● Work instruction: Begin at the line containing "Apartment for rent" in the records below, end at the line containing "Letto singolo in", and retype each line in that span exactly. No other line and no image should appear.

====== Data provided ======

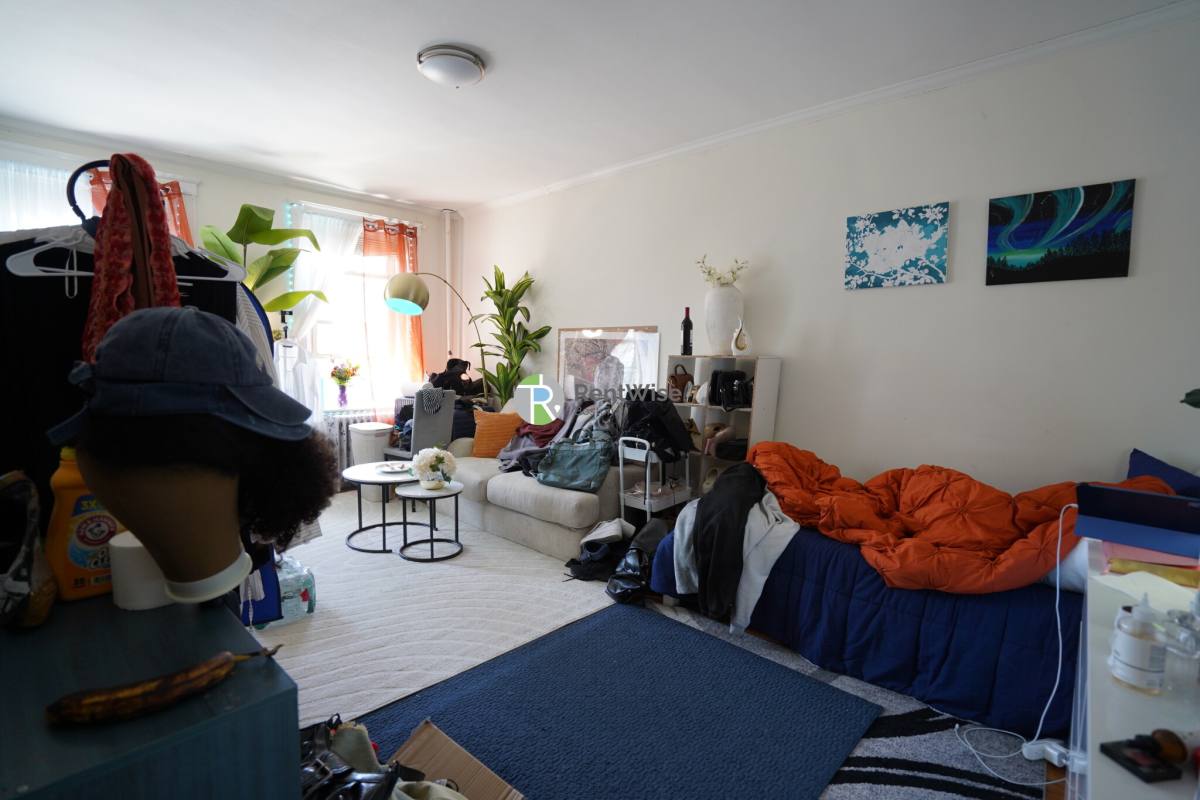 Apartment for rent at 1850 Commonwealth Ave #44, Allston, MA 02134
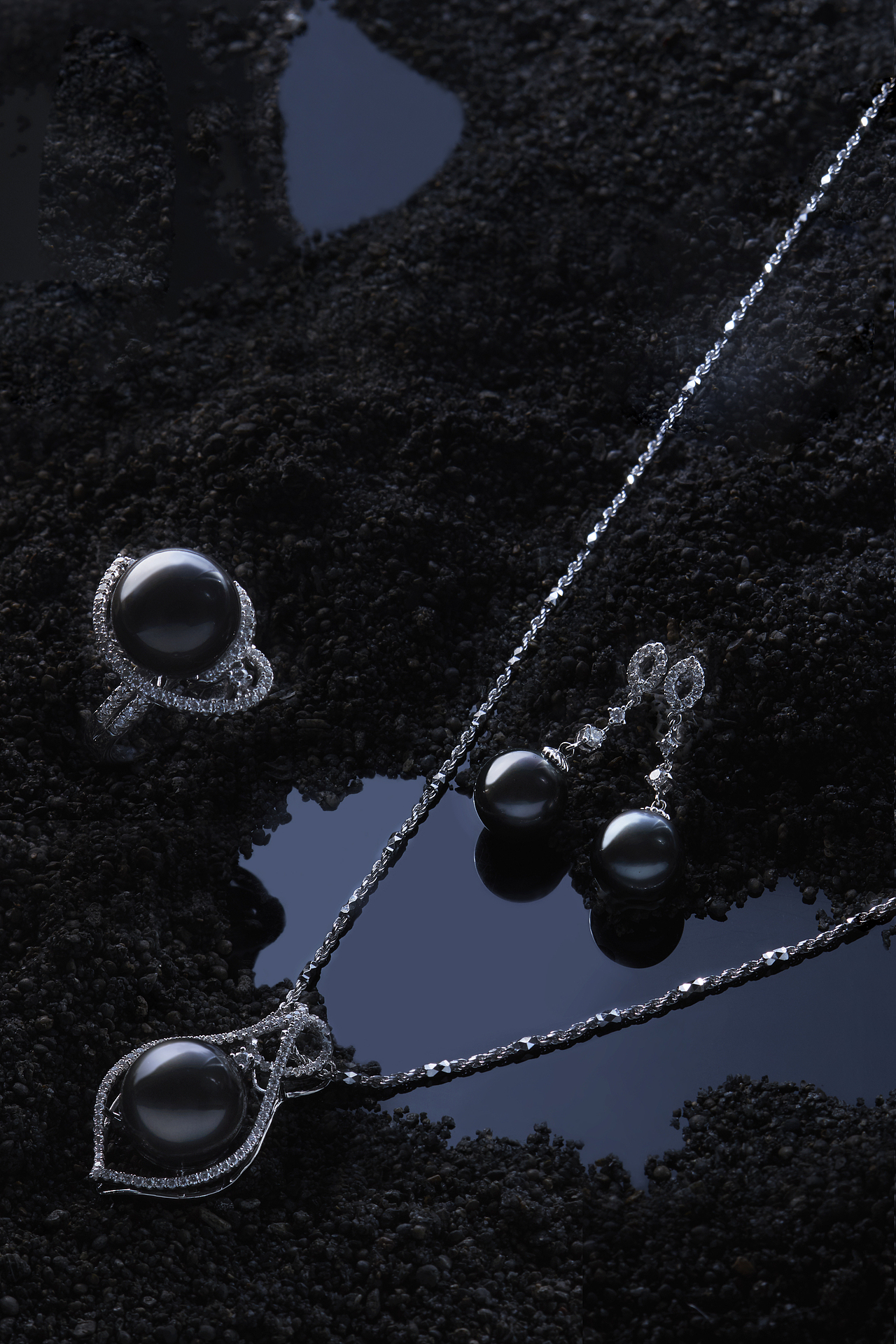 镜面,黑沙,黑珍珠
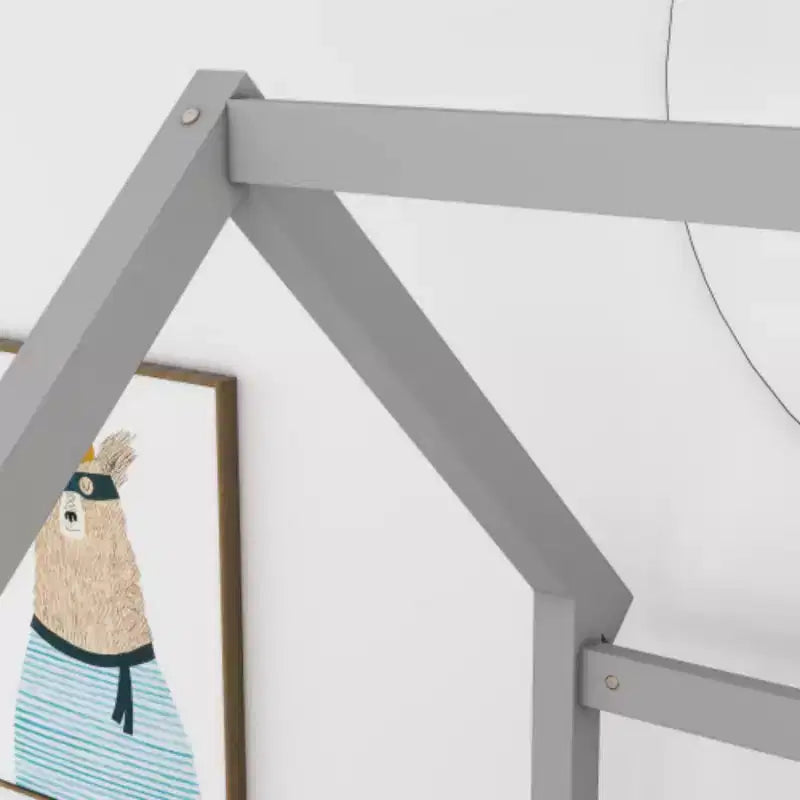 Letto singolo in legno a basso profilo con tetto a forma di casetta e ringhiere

======
====== Data provided ======

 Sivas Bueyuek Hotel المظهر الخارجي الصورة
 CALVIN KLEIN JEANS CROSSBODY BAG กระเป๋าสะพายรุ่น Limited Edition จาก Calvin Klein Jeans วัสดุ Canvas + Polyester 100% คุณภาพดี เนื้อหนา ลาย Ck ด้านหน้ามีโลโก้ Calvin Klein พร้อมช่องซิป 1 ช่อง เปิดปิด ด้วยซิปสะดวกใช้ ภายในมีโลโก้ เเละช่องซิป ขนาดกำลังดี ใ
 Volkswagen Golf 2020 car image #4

======

● The completed task:
 Apartment for rent at 1850 Commonwealth Ave #44, Allston, MA 02134
 镜面,黑沙,黑珍珠
 Letto singolo in legno a basso profilo con tetto a forma di casetta e ringhiere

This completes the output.